The spiritual conquest was not successful in Abya Yala because it did not totally eradicate the autochthonous spirituality. However, its failure was not only in the problems that made evangelization difficult but rather in the initiative of the subjugated people themselves. In order to survive the violence, submission and the risk of extermination, the indigenous people adopted the model of syncretism. This model was eloquently described by Octavio Paz: “The indigenous convert to Christianity, and, simultaneously they convert the angels and saints into pre-Hispanic gods” (Paz 1997, p. 15).
The spiritual conquest was a “symbolic strife” (Parker 1993, p. 22) in which syncretism appeared as a “spiritual submission, accepting Christianity, but safeguarding the preservation of ancestral beliefs” (Parker 1993, p. 27).
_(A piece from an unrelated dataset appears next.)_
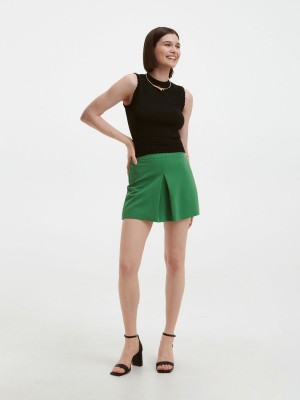 Reserved Skort Yeşil | MRHP21436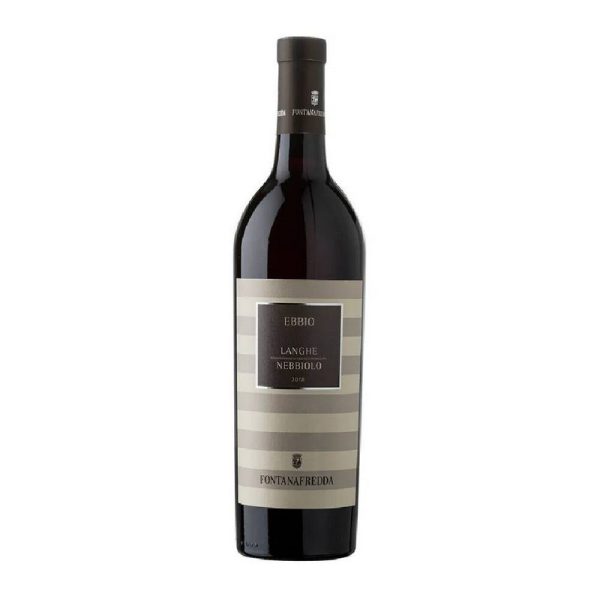 FONTANAFREDDA EBBIO LANGHE DOC NEBBIOLO 0.75 LT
This strife did not intend to end in a victory by submission or exclusion of the adversary but rather to include them into their own spiritual matrix; in other words, the “ordination of the opponents” (Marcos 2004, p. 239) in order to structure them in a complementary manner. Syncretism set up a hermeneutical process that allowed for the linking of their own cosmology with the catechism imposed upon them.
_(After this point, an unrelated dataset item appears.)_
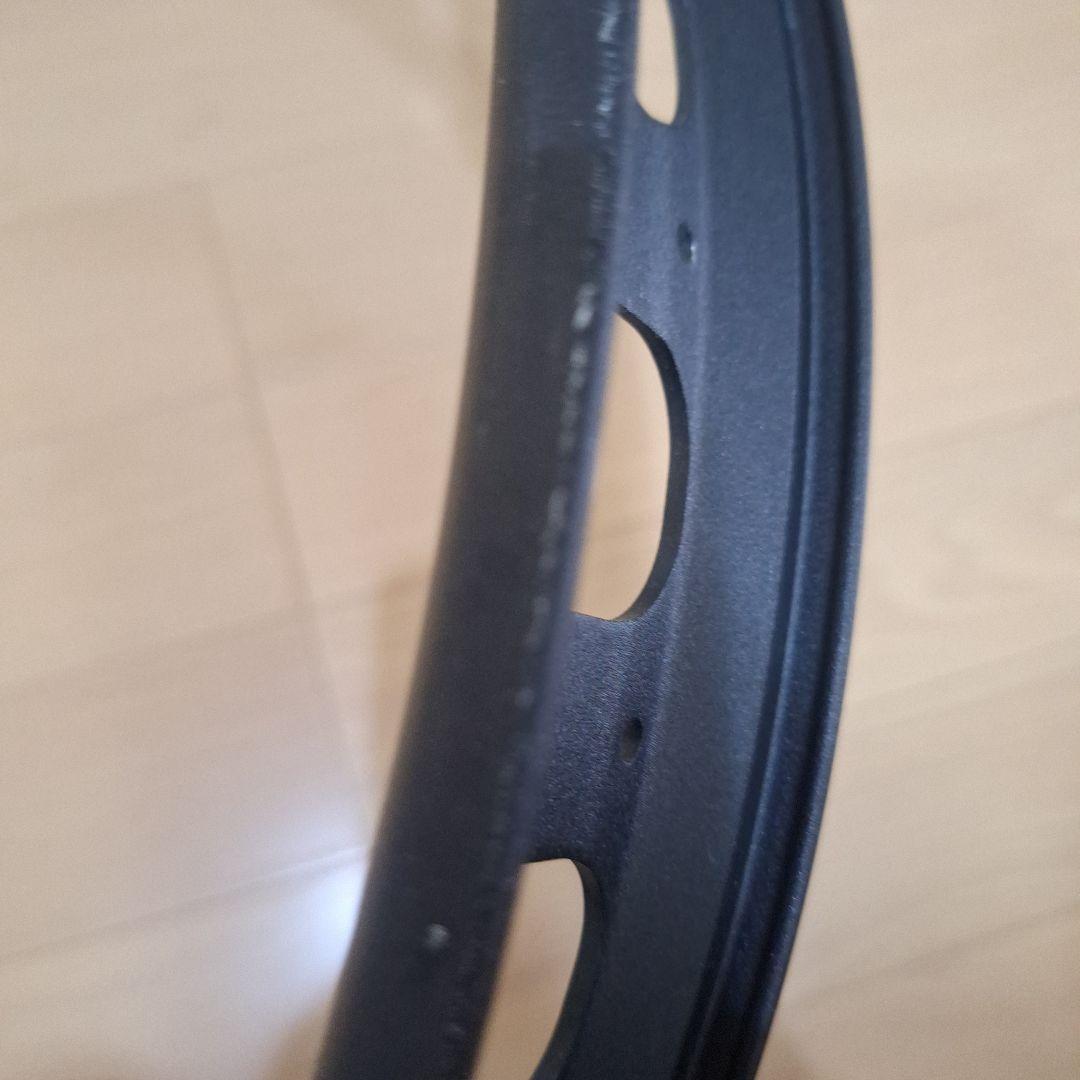 SURLY Marge Lite リム ブラック ２本　リムフラップつき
Roberto Goizueta explained that the success of syncretism of the cosmology of Abya Yala with the Pre-Tridentine cosmology was due to similar elements. In both instances, the idea of an interrelation between the sky (heaven) and earth, between the divine and the visible or material, prevailed. In Medieval times, it was understood that the Creator remained intimately intertwined with creation in such a way that “the sacred, therefore, would be encountered, not above or outside creation, but in and through creation” (Goizueta 2009, p. 65).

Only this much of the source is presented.